Abuelo y nieto salieron de casa y se dirigieron hacia el Parque. Acababan de terminar las obras y de instalar el parque infantil y los niños con sus padres llenaban toda la zona con sus gritos y juegos. Jorge quería montarse en el cable del teleférico, pero había tantos niños que pasaría más tiempo en la cola que en el juego. Enfadado, se alejó con el abuelo de la mano, mientras éste intentaba consolarlo.

- Mira, Jorge, ese enfado tuyo puede ser bueno - el niño le miró sin comprenderle- Si, porque es una manera de que recuerdes lo que te conté cuando comenzó la Cuaresma, cómo hay que hacer las cosas por amor y aceptar los disgustos, también por amor.

- Abú, pero ¡eso cuesta!

- ¡Claro! Y, cuanto más cuesta, más mérito tiene. Aceptar las cosas que no nos gustan y hacer algo que nos desagrada, voluntariamente, eso se llama “mortificación”.

- Ya empezamos con las palabrejas, Abú. Anda, explícame qué significa.- Como diciendo, “diga lo que diga me lo vas a explicar”

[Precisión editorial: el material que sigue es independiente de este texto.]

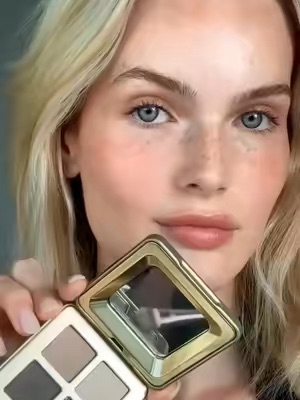 Post by hourglasscosmetics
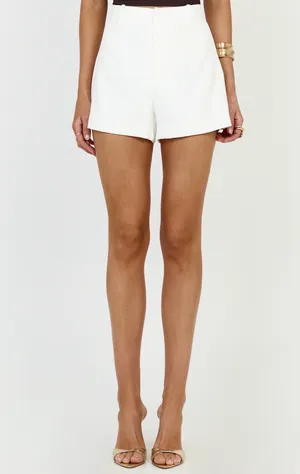 Showpo Shorts High-Waisted thumbnail 2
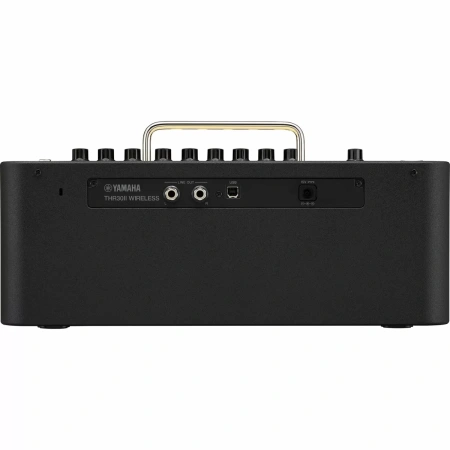 Купить YAMAHA THR30II WIRELESS по выгодной цене в Нижнем Новгороде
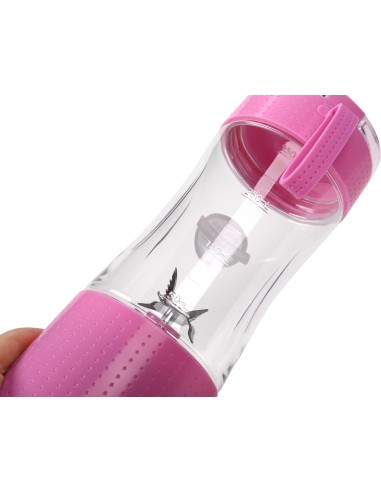 Blender cu baterie USB-C 380ml, 20000...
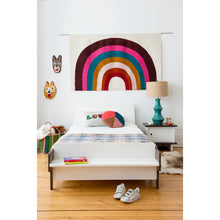 Load image into Gallery viewer, OEUF be good River Twin Bed w. Trundle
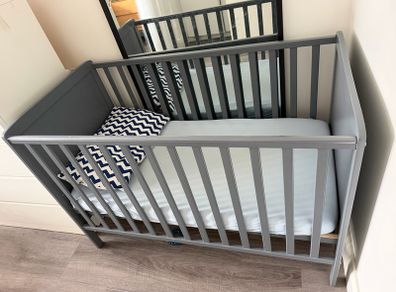 Baby Cot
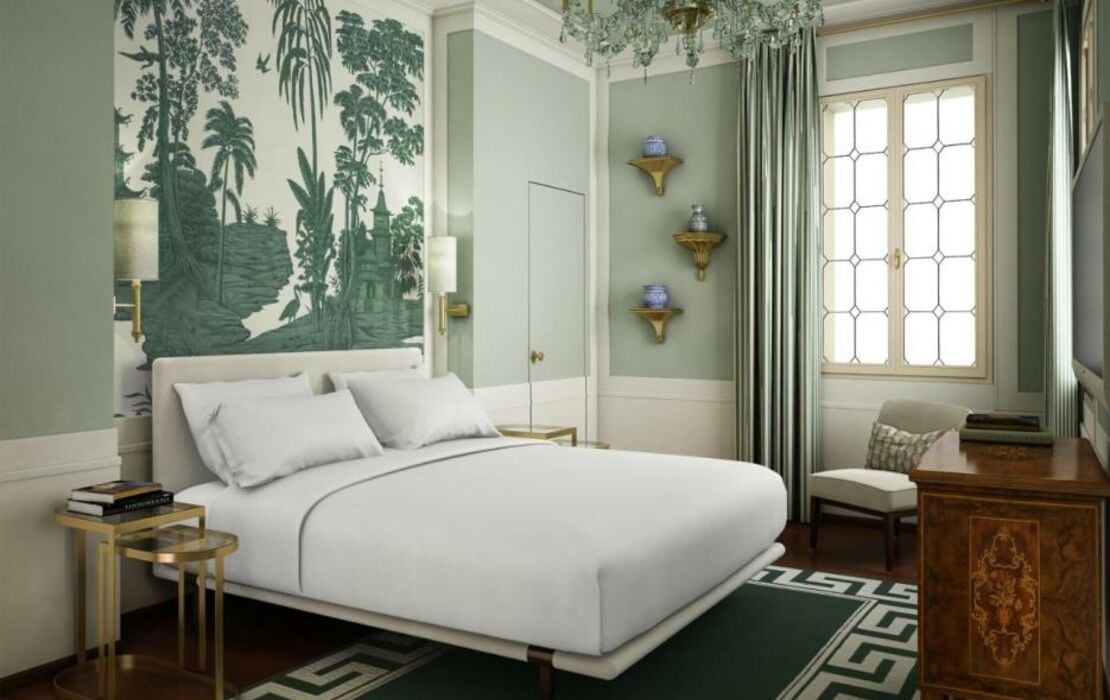 Violino doro hotel venice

- Mortificar viene a decir algo así como hacer morir un poco al cuerpo, por amor de Dios. Es una cosa que hoy en día no se estima mucho, porque la gente recuerda que antiguamente había quien se golpeaba con un látigo la espalda o se pasaba muchos días sólo con un poco de pan y de agua, o llevaban cadenas con pinchos atadas al cuerpo y eso parece anticuado. Yo lo que te digo es que hay muchas formas de mortificarse y lo importante es que se haga por amor a Dios, que nadie se entere y que no mortifiquen a los demás.

Recuerda que D. Carlos, nuestro párroco en la hoja parroquial del mes pasado, nos proponía que añadiéramos al ayuno y abstinencia, otras mortificaciones, como el no beber tanta cerveza, ver menos la televisión y no fumar tanto. Y así es. Si tú, este enfado que tienes se lo ofreces a Dios con amor, estás haciendo una mortificación. Y si a tu hermano Juan Carlos le sonríes cuando él te insulta, o te comes todo lo que te pone mamá aunque no te guste, o dejas algo en el plato que te gusta...pero Jorge, eso ya te lo expliqué el mes pasado.

- Si, Abú, pero entonces lo llamaste “penitencia”, que me acuerdo muy bien. Y parece que eso había que hacerlo sólo en Cuaresma, pero esto, ¡se puede hacer todo el año!

- Claro, hijo, y es un detalle de cariño con Dios. Piensa que Jesús empezó su vida de predicación, yéndose al desierto y estando prácticamente sin comer ni beber durante cuarenta días, y así nos enseñó cómo debemos hacer. Pero sobre todo piensa que Él padeció y sufrió por amor a nosotros una muerte cruel y un martirio impresionante. Pero quiero aclararte una cosa: la mortificación no debe ir acampanada de caras tristes, sino al contrario. Saber que se hace algo por amor, alegra mucho y el buen cristiano es alguien que ama mucho y por lo tanto está siempre alegre.

- Si, Abú, ¿pero por qué las motos meten tanto ruido?

- Eso, hijo mío, -suspiró el abuelo- es otra historia.